The System's Perspective
From the computer's point of view, the operating system is a resource allocator and control program. When multiple programs demand access to limited hardware resources simultaneously, the operating system must decide how to distribute them fairly and efficiently. It also acts as a gatekeeper, preventing programs from interfering with one another or misusing the hardware.
Defining What an Operating System Is
Historically, computers were single-purpose machines. Today, computers exist everywhere—from aircraft navigation systems to smart refrigerators. This diversity created many different operating system designs.
There is no universally accepted definition of exactly which software components constitute "the operating system" versus separate programs. The most practical definition is that the operating system is the one program always running on the computer, known as the kernel. Around the kernel, there are also:
- System programs: Software associated with the OS but not part of the kernel (utilities, system tools)
- Application programs: All other software (your personal programs and third-party apps)

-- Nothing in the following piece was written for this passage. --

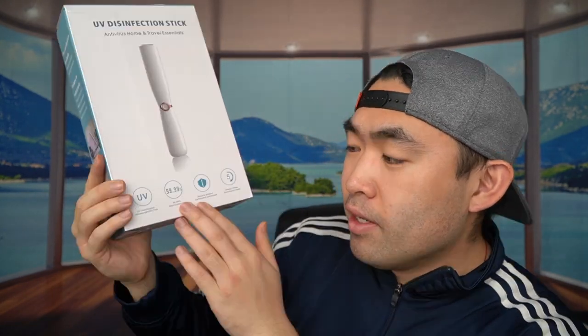Hey G Squad, welcome back to another episode of 'Is It Worth It.' For this episode we have this cool, amazing product here in my hand — basically what it is is a UV disinfection stick.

- Middleware: Frameworks that support application development with additional services like databases and graphics (especially common in mobile operating systems)

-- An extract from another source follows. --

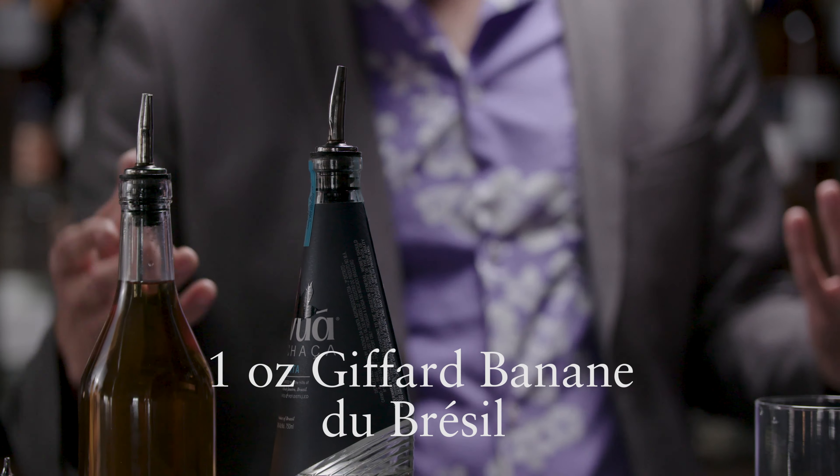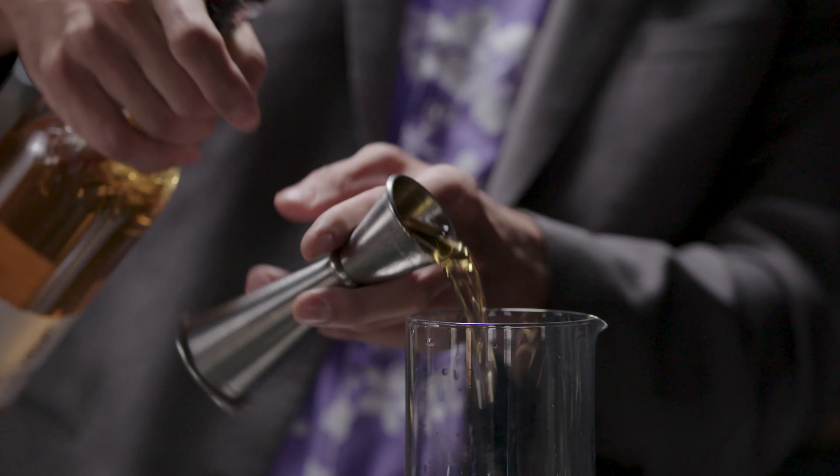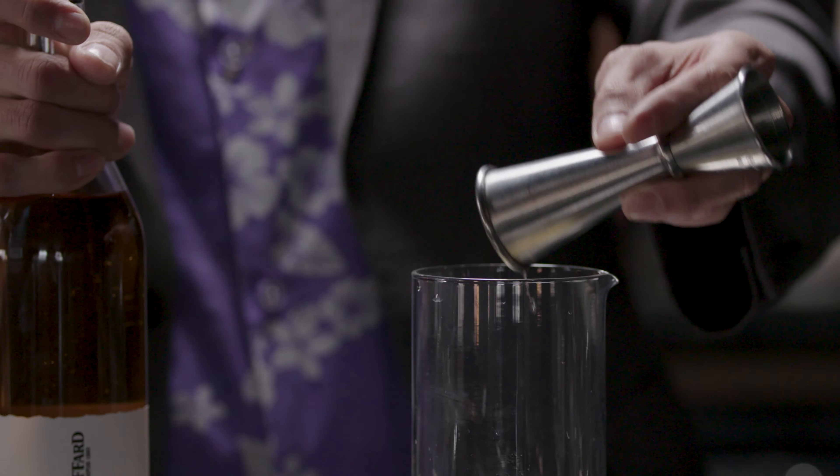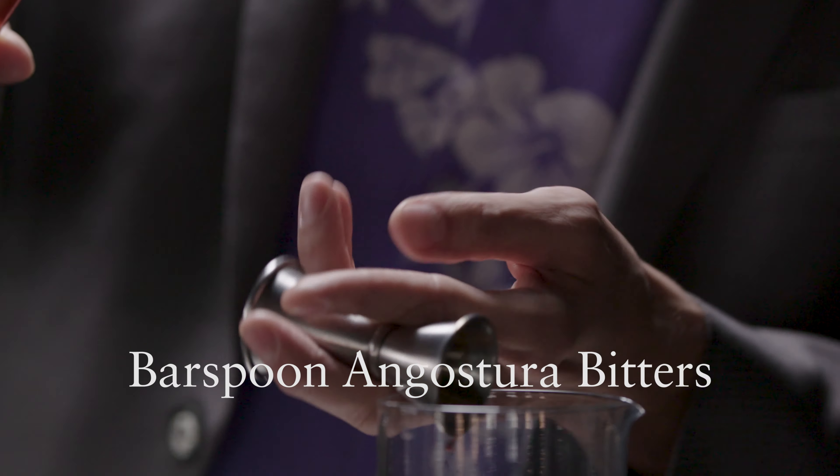I added Jaffard Banan de Brazil because it naturally pairs with Cachaca being from Brazil, but it also melds flavor-wise with a unique depth. The third ingredient is Angostura Bitters. It adds a dry spice and hints at a classic old-fashioned.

For our purposes in this course, we focus primarily on the kernel while discussing supporting components as needed to fully understand OS design.
Kernel: The one program running at all times on a computer, managing all hardware resources and providing core operating system services.
📝 Section Recap: An operating system manages hardware resources, coordinates access for multiple programs, and can be viewed from both the user's perspective (ease of use, responsiveness) and the system's perspective (resource allocation, control). The kernel—the always-running core program—is the fundamental element of any operating system.
Computer-System Organization
Overview of System Architecture
A modern general-purpose computer consists of one or more CPUs and multiple device controllers connected through a system bus—a shared communication pathway. Each device controller manages a specific type of device (disk drive, audio device, graphics display, USB hub, etc.) and maintains local buffer storage and special-purpose registers.
When a device finishes an operation, it doesn't wait passively. Instead, it signals the CPU through a mechanism called an interrupt, which alerts the CPU that attention is needed.
System Bus: The main communications pathway connecting the CPU, memory, device controllers, and other major components of the computer system.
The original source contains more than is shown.